Short descriptive text snippets:
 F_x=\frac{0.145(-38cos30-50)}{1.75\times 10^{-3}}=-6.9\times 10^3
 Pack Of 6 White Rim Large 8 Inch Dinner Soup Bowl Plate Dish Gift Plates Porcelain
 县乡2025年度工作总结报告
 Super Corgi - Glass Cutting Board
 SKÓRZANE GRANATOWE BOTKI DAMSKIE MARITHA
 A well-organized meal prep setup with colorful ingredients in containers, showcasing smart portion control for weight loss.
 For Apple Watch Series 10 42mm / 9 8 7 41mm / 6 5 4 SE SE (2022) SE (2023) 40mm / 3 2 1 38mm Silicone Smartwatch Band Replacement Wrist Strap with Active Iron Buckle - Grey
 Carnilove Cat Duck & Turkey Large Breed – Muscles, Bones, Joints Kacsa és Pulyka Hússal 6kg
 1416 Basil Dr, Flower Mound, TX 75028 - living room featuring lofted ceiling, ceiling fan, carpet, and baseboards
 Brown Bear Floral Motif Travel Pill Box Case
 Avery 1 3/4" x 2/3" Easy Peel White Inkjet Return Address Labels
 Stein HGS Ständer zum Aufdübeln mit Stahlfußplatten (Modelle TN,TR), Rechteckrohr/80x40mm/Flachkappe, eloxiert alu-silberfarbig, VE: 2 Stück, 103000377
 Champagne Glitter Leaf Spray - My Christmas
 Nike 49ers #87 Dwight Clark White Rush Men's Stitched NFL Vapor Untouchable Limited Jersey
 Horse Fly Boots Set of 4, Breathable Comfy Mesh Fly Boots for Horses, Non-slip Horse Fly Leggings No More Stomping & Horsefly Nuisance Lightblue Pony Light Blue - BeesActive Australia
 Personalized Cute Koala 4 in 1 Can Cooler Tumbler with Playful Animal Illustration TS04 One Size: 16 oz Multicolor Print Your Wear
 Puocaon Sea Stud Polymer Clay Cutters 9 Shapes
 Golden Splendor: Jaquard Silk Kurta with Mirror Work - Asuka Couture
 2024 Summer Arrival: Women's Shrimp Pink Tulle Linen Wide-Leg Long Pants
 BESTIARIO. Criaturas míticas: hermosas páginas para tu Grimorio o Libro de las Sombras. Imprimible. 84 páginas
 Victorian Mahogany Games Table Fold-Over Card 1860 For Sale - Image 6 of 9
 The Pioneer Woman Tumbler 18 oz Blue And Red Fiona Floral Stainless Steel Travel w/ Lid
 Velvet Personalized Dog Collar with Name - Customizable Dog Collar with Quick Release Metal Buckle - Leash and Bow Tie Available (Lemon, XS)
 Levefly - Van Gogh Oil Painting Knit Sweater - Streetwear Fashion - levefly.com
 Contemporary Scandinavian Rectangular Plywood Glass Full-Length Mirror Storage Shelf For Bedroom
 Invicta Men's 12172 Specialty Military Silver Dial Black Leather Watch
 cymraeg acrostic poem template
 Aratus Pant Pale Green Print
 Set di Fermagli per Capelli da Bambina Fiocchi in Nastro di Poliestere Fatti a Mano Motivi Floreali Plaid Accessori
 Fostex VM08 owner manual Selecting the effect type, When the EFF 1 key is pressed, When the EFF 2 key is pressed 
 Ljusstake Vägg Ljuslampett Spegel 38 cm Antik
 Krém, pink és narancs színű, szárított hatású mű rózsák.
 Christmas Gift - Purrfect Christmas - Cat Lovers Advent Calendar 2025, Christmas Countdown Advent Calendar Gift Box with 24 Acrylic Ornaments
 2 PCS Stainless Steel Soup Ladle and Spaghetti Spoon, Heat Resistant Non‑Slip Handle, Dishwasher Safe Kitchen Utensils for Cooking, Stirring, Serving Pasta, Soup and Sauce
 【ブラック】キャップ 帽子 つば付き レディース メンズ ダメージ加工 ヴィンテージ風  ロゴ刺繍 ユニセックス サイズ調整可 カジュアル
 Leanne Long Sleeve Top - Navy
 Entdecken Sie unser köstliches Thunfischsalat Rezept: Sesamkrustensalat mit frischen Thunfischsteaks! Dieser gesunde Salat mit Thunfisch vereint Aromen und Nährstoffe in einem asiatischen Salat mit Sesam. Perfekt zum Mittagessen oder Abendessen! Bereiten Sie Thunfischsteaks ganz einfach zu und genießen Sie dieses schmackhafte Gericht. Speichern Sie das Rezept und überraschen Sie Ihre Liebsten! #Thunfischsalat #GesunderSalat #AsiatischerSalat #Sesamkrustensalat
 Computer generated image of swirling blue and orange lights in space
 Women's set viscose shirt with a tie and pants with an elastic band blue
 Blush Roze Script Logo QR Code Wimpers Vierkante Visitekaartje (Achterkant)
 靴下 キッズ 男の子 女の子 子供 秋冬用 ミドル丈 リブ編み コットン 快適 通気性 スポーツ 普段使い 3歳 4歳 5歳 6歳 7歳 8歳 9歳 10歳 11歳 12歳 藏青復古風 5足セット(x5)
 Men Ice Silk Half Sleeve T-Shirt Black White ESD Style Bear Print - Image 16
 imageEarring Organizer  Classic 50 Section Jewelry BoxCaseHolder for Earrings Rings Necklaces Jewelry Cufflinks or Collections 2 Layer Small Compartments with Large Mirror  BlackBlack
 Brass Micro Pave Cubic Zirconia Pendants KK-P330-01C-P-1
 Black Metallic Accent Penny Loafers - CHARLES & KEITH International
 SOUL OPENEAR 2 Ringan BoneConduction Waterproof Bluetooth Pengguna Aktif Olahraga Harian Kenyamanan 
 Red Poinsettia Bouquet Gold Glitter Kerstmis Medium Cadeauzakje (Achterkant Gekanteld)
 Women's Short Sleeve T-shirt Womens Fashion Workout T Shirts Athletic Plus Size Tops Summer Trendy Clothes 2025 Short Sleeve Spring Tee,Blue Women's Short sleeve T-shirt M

THE PROBLEM: Until the last line is reached, keep transcribing the data exactly.

OUTPUT BELOW:
 F_x=\frac{0.145(-38cos30-50)}{1.75\times 10^{-3}}=-6.9\times 10^3
 Pack Of 6 White Rim Large 8 Inch Dinner Soup Bowl Plate Dish Gift Plates Porcelain
 县乡2025年度工作总结报告
 Super Corgi - Glass Cutting Board
 SKÓRZANE GRANATOWE BOTKI DAMSKIE MARITHA
 A well-organized meal prep setup with colorful ingredients in containers, showcasing smart portion control for weight loss.
 For Apple Watch Series 10 42mm / 9 8 7 41mm / 6 5 4 SE SE (2022) SE (2023) 40mm / 3 2 1 38mm Silicone Smartwatch Band Replacement Wrist Strap with Active Iron Buckle - Grey
 Carnilove Cat Duck & Turkey Large Breed – Muscles, Bones, Joints Kacsa és Pulyka Hússal 6kg
 1416 Basil Dr, Flower Mound, TX 75028 - living room featuring lofted ceiling, ceiling fan, carpet, and baseboards
 Brown Bear Floral Motif Travel Pill Box Case
 Avery 1 3/4" x 2/3" Easy Peel White Inkjet Return Address Labels
 Stein HGS Ständer zum Aufdübeln mit Stahlfußplatten (Modelle TN,TR), Rechteckrohr/80x40mm/Flachkappe, eloxiert alu-silberfarbig, VE: 2 Stück, 103000377
 Champagne Glitter Leaf Spray - My Christmas
 Nike 49ers #87 Dwight Clark White Rush Men's Stitched NFL Vapor Untouchable Limited Jersey
 Horse Fly Boots Set of 4, Breathable Comfy Mesh Fly Boots for Horses, Non-slip Horse Fly Leggings No More Stomping & Horsefly Nuisance Lightblue Pony Light Blue - BeesActive Australia
 Personalized Cute Koala 4 in 1 Can Cooler Tumbler with Playful Animal Illustration TS04 One Size: 16 oz Multicolor Print Your Wear
 Puocaon Sea Stud Polymer Clay Cutters 9 Shapes
 Golden Splendor: Jaquard Silk Kurta with Mirror Work - Asuka Couture
 2024 Summer Arrival: Women's Shrimp Pink Tulle Linen Wide-Leg Long Pants
 BESTIARIO. Criaturas míticas: hermosas páginas para tu Grimorio o Libro de las Sombras. Imprimible. 84 páginas
 Victorian Mahogany Games Table Fold-Over Card 1860 For Sale - Image 6 of 9
 The Pioneer Woman Tumbler 18 oz Blue And Red Fiona Floral Stainless Steel Travel w/ Lid
 Velvet Personalized Dog Collar with Name - Customizable Dog Collar with Quick Release Metal Buckle - Leash and Bow Tie Available (Lemon, XS)
 Levefly - Van Gogh Oil Painting Knit Sweater - Streetwear Fashion - levefly.com
 Contemporary Scandinavian Rectangular Plywood Glass Full-Length Mirror Storage Shelf For Bedroom
 Invicta Men's 12172 Specialty Military Silver Dial Black Leather Watch
 cymraeg acrostic poem template
 Aratus Pant Pale Green Print
 Set di Fermagli per Capelli da Bambina Fiocchi in Nastro di Poliestere Fatti a Mano Motivi Floreali Plaid Accessori
 Fostex VM08 owner manual Selecting the effect type, When the EFF 1 key is pressed, When the EFF 2 key is pressed 
 Ljusstake Vägg Ljuslampett Spegel 38 cm Antik
 Krém, pink és narancs színű, szárított hatású mű rózsák.
 Christmas Gift - Purrfect Christmas - Cat Lovers Advent Calendar 2025, Christmas Countdown Advent Calendar Gift Box with 24 Acrylic Ornaments
 2 PCS Stainless Steel Soup Ladle and Spaghetti Spoon, Heat Resistant Non‑Slip Handle, Dishwasher Safe Kitchen Utensils for Cooking, Stirring, Serving Pasta, Soup and Sauce
 【ブラック】キャップ 帽子 つば付き レディース メンズ ダメージ加工 ヴィンテージ風  ロゴ刺繍 ユニセックス サイズ調整可 カジュアル
 Leanne Long Sleeve Top - Navy
 Entdecken Sie unser köstliches Thunfischsalat Rezept: Sesamkrustensalat mit frischen Thunfischsteaks! Dieser gesunde Salat mit Thunfisch vereint Aromen und Nährstoffe in einem asiatischen Salat mit Sesam. Perfekt zum Mittagessen oder Abendessen! Bereiten Sie Thunfischsteaks ganz einfach zu und genießen Sie dieses schmackhafte Gericht. Speichern Sie das Rezept und überraschen Sie Ihre Liebsten! #Thunfischsalat #GesunderSalat #AsiatischerSalat #Sesamkrustensalat
 Computer generated image of swirling blue and orange lights in space
 Women's set viscose shirt with a tie and pants with an elastic band blue
 Blush Roze Script Logo QR Code Wimpers Vierkante Visitekaartje (Achterkant)
 靴下 キッズ 男の子 女の子 子供 秋冬用 ミドル丈 リブ編み コットン 快適 通気性 スポーツ 普段使い 3歳 4歳 5歳 6歳 7歳 8歳 9歳 10歳 11歳 12歳 藏青復古風 5足セット(x5)
 Men Ice Silk Half Sleeve T-Shirt Black White ESD Style Bear Print - Image 16
 imageEarring Organizer  Classic 50 Section Jewelry BoxCaseHolder for Earrings Rings Necklaces Jewelry Cufflinks or Collections 2 Layer Small Compartments with Large Mirror  BlackBlack
 Brass Micro Pave Cubic Zirconia Pendants KK-P330-01C-P-1
 Black Metallic Accent Penny Loafers - CHARLES & KEITH International
 SOUL OPENEAR 2 Ringan BoneConduction Waterproof Bluetooth Pengguna Aktif Olahraga Harian Kenyamanan 
 Red Poinsettia Bouquet Gold Glitter Kerstmis Medium Cadeauzakje (Achterkant Gekanteld)
 Women's Short Sleeve T-shirt Womens Fashion Workout T Shirts Athletic Plus Size Tops Summer Trendy Clothes 2025 Short Sleeve Spring Tee,Blue Women's Short sleeve T-shirt M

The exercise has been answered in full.